The IDL code has been ported to Python with NumPy/Numba for significantly better performance. See `demo.ipynb` for an interactive walkthrough.

### Installation

```bash
pip install numba numpy scipy matplotlib jupyter
```

### Running

**Command line:**

```bash
# Default run (no cloud)
python run_rtm.py

# With cloud centred at grid position (10, 10)
python run_rtm.py --cloud 10 10

# Show a plot after the run
python run_rtm.py --plot

# More iterations for a smoother spectrum
python run_rtm.py --iterations 50000 --plot
```

**Python API:**

```python
from run_rtm import run_rtm

result = run_rtm(n_iterations=50000, day_of_year=172, lat=51.5, lon=-0.1)

result['wavelengths'] # 122 band centres, 0.3–4.0 μm
result['vertical'] # irradiance arriving vertically (W m⁻² μm⁻¹)
result['left'] # arriving from the left
result['right'] # arriving from the right
result['total_hits'] # total sensor hits across all wavelengths
```

### File structure

| File | Purpose |
|---|---|
| `run_rtm.py` | Main simulation function + CLI entry point |
| `rtm_core.py` | Numba-JIT ray tracer (the hot loop) |
| `rtm_constants.py` | Spectral data arrays and helper functions |
| `demo.ipynb` | Jupyter notebook demo |

### Performance

The Numba JIT compiler runs on the first call (~10 s), then uses a disk cache for all subsequent calls (~1 s overhead).

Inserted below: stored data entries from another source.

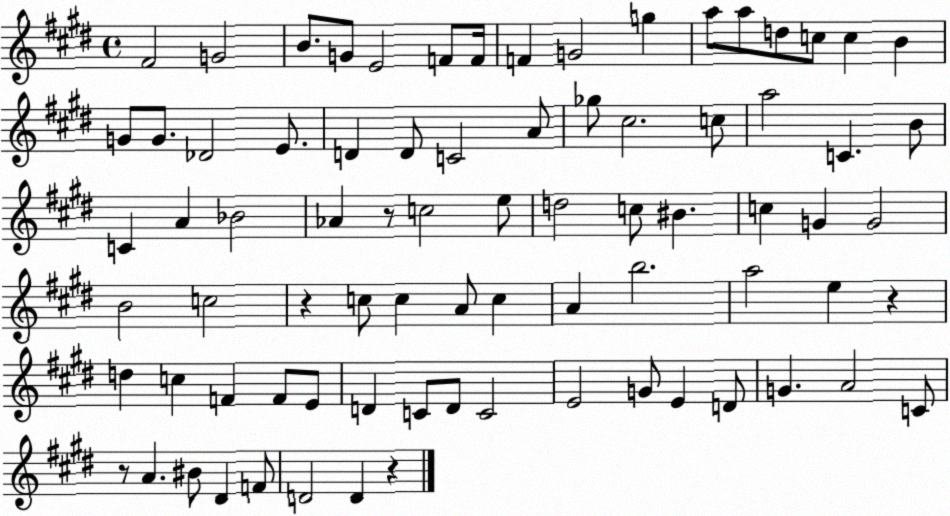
X:1
T:Untitled
M:4/4
L:1/4
K:E
^F2 G2 B/2 G/2 E2 F/2 F/4 F G2 g a/2 a/2 d/2 c/2 c B G/2 G/2 _D2 E/2 D D/2 C2 A/2 _g/2 ^c2 c/2 a2 C B/2 C A _B2 _A z/2 c2 e/2 d2 c/2 ^B c G G2 B2 c2 z c/2 c A/2 c A b2 a2 e z d c F F/2 E/2 D C/2 D/2 C2 E2 G/2 E D/2 G A2 C/2 z/2 A ^B/2 ^D F/2 D2 D z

The simulation parallelises over iterations using all available CPU cores.

| Iterations | Sensor hits | Time |
|---:|---:|---:|
| 1,000 | ~230 | 0.1 s |
| 5,000 | ~1,000 | 0.5 s |
| 10,000 | ~1,900 | 1.4 s |
| 50,000 | ~12,000 | 5 s |
| 100,000 | ~21,000 | 10 s |
| 500,000 | ~105,000 | 53 s |

The hit rate is ~0.2% per iteration — rays must scatter to reach the sensor. More iterations give a smoother spectrum.